The Makings of a Great Small Business 401(k) Plan
If you’re thinking of starting a 401(k) plan at your business, check out these six tips to help you choose set one up that helps you and your employees.
If you’re thinking of starting a company 401(k) plan, you know that your employees will be counting on you to make important decisions that will impact their ability to achieve their retirement goals.
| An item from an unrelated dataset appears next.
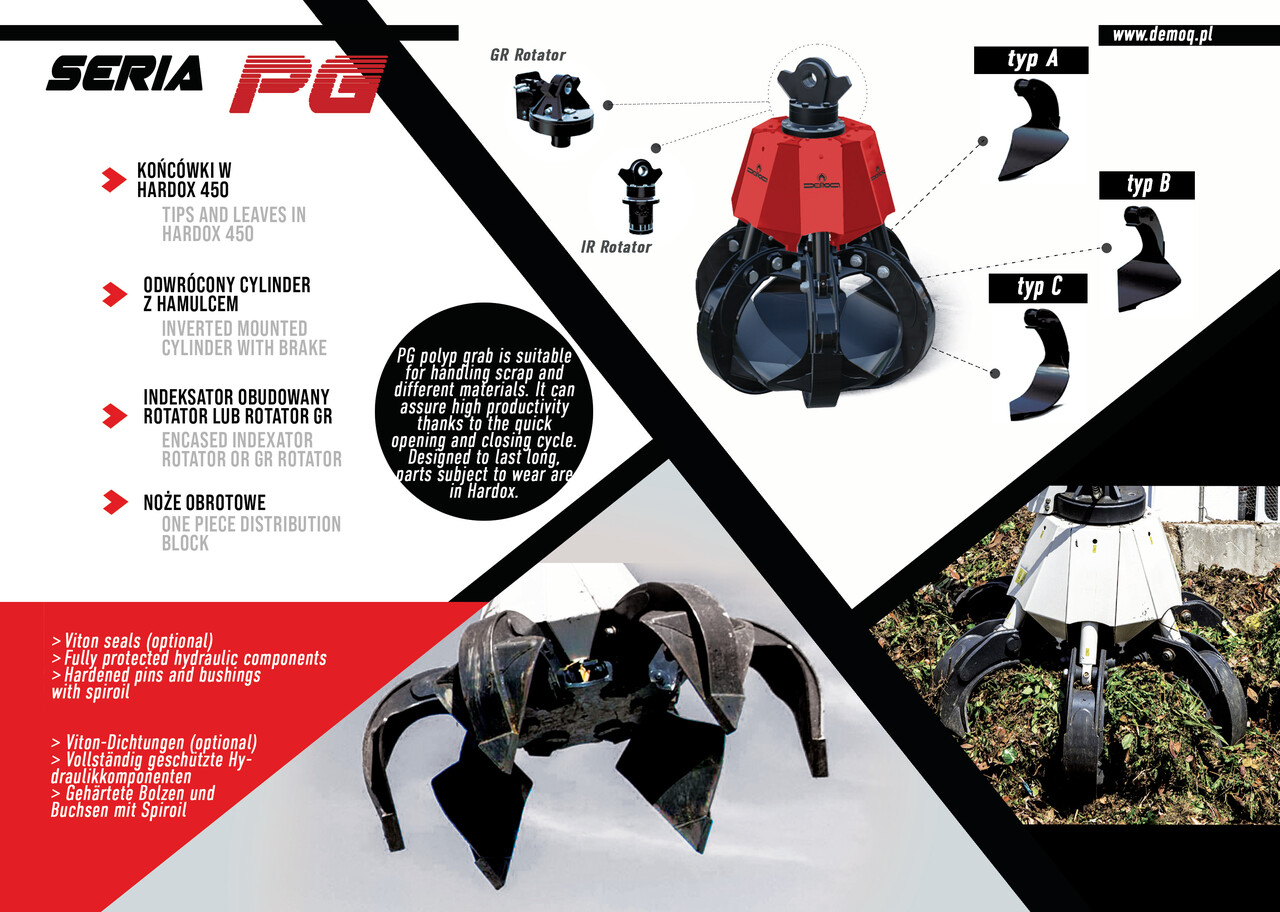DEMOQ PG500 Hydraulic Polyp -grab - Drapák pre Stavebné stroje: obrázok 4 DEMOQ PG500 Hydraulic Polyp -grab - Drapák pre Stavebné stroje: obrázok 4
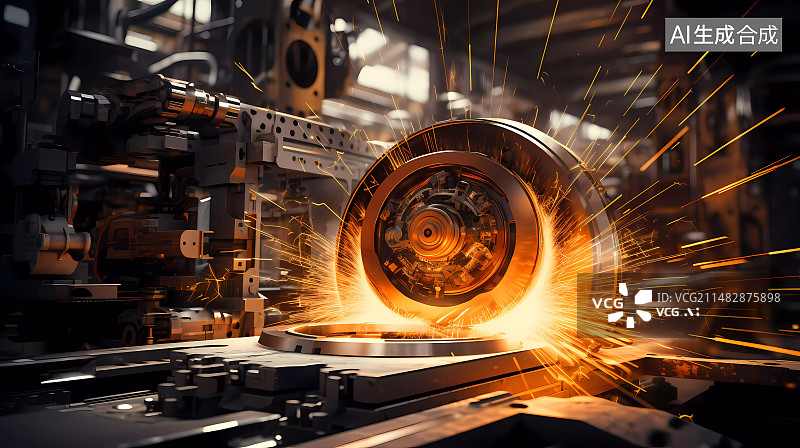 【AI数字艺术】高速运转的切割机图片素材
Follow these six tips to make sure you and your employees get the 401(k) plan you deserve along with the personalized support you need for successful retirement planning.
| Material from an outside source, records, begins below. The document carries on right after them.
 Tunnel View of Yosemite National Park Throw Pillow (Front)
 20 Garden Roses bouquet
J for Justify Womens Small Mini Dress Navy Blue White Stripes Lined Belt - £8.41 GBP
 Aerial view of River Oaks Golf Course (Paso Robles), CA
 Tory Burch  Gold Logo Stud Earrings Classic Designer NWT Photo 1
1. Choose a 401(k) Provider Focused on Small Business
Providers focused on serving smaller businesses better understand the kind of support small business owners require from a partner and they’ll be less likely to be distracted by larger accounts.
2. Look for Customizable Investing Options
If your employees have a range of investment know-how, from those who want help to those who want independence, it’s important your 401(k) plan doesn’t only offer a one-size-fits-all approach.
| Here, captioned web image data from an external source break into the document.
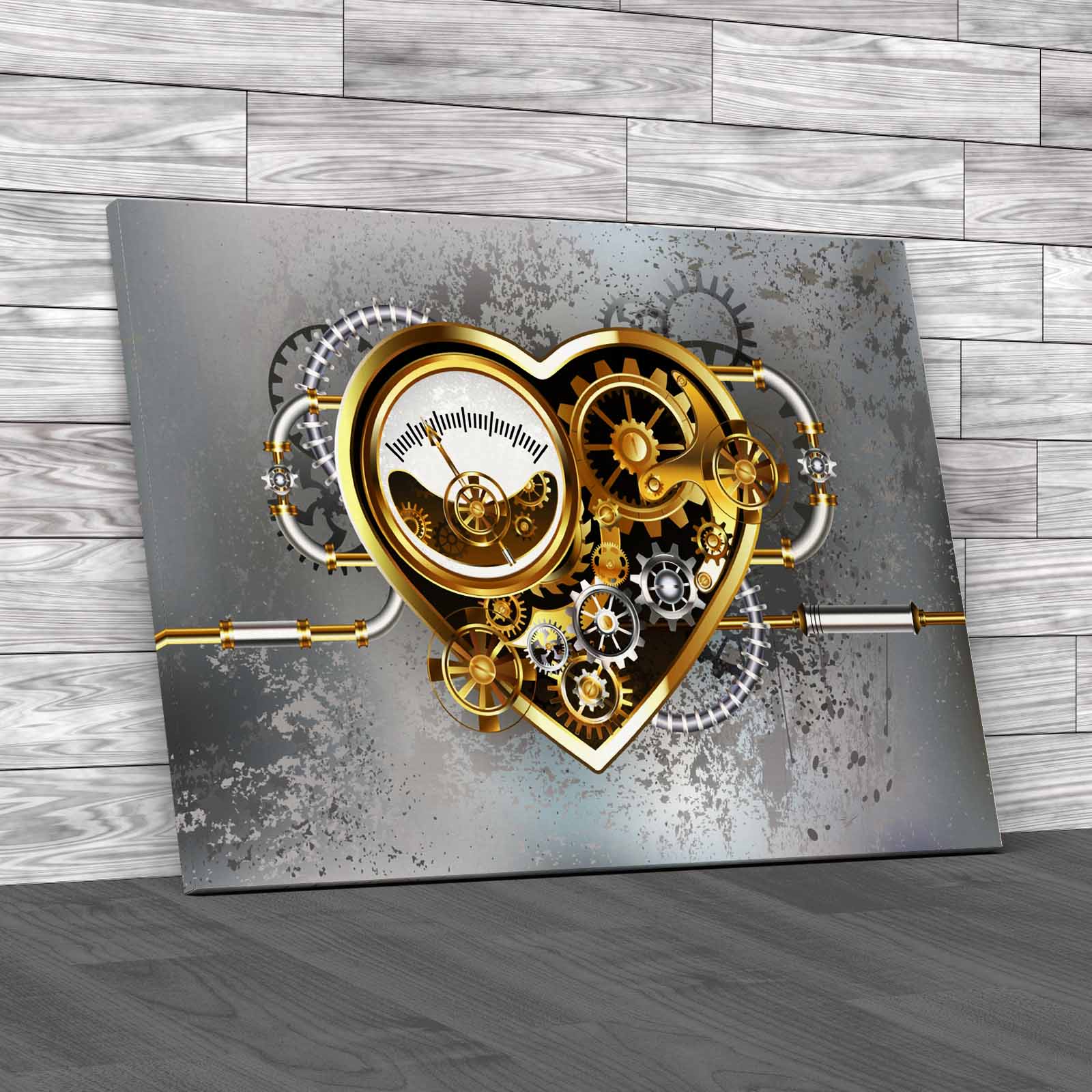 Mechanical Steampunk He With Manometer Gears Canvas Print Large Picture Wall Art - Picture 2 of 12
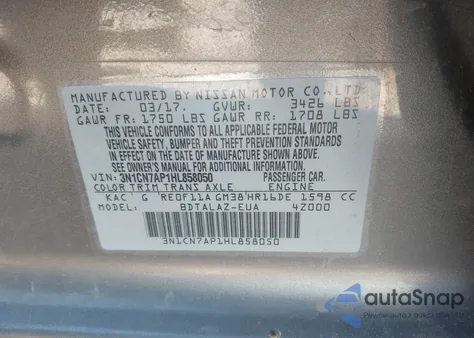 2017 Nissan Versa 1.6 S+ from USA, damaged, VIN 3N1CN7AP1HL858050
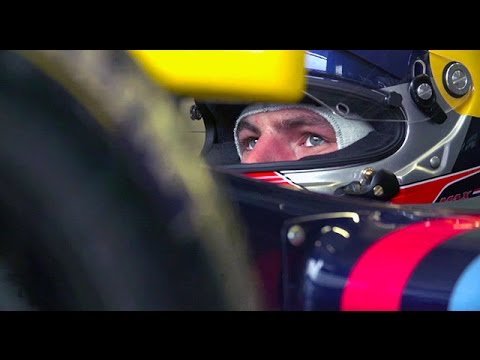 Youngest ever Formula One driver Max Verstappen tests out a Red Bull racing car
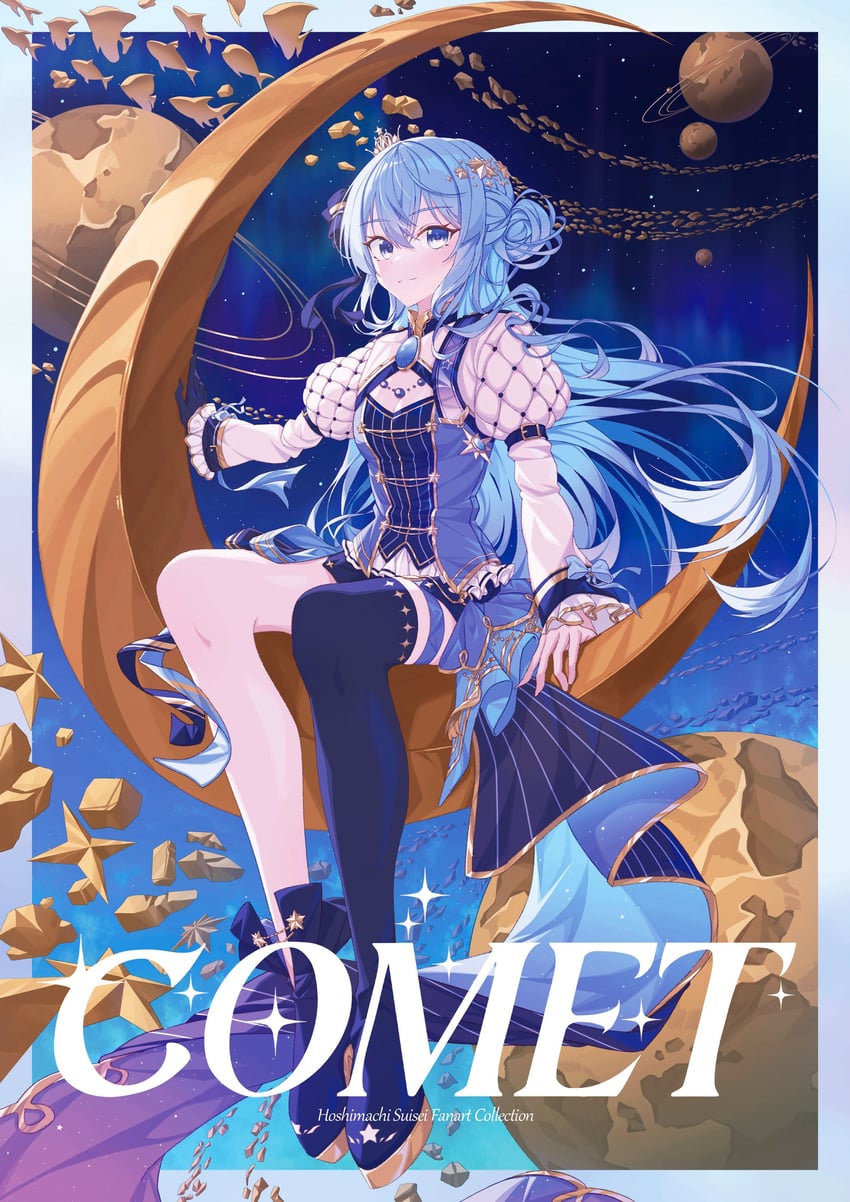 hoshimachi suisei (hololive and 1 more) drawn by yozora_(1wkdgusdn)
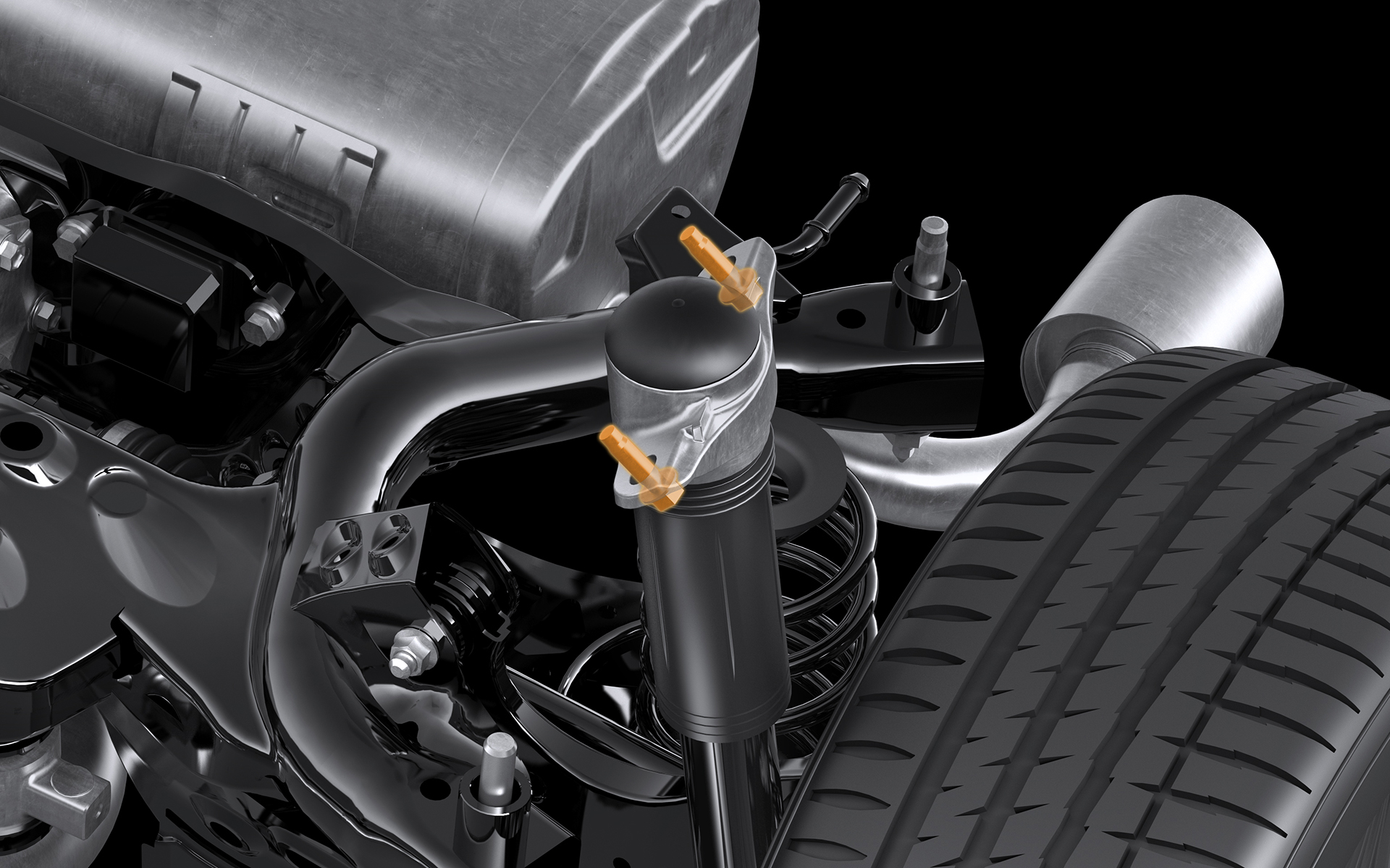 ボルトフランジの厚みアップ（リアショックアブソーバー×ボディ）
3. Know What You’re Paying For
The fees charged by service providers should not be hidden or difficult to understand. Make sure your fees are clearly outlined so that you don’t pay more than you should for your 401(k) plan.
4. Delegate Some of Your 401(k) Management Responsibilities
You may be personally liable under ERISA for failing to act in the best interests of your participants. And not all types of financial advisers are allowed to assume this liability on your behalf. Service providers that are 3(38) Investment Managers allow you to delegate your liability for choosing the fund line-up, which is a great way to reduce your personal risk.
5. Have a Plan for DOL or IRS Audits
Your plan may never be audited. But if it is, wouldn’t it be great to be prepared ahead of time? Look for service providers that have a defined strategy for helping you get your documents in order so you can be ready for an audit.
6. Insist on a Service Level Guarantee
Your employees deserve more than an annual enrollment e-mail. Make sure your service provider provides one-on-one, in-person enrollment (which can increase employee participation rates) and retirement planning guidance to your employees. Better yet, your employees should have a single point of contact at your plan service provider to answer questions and provide support. This is where providers that focus on small businesses shine.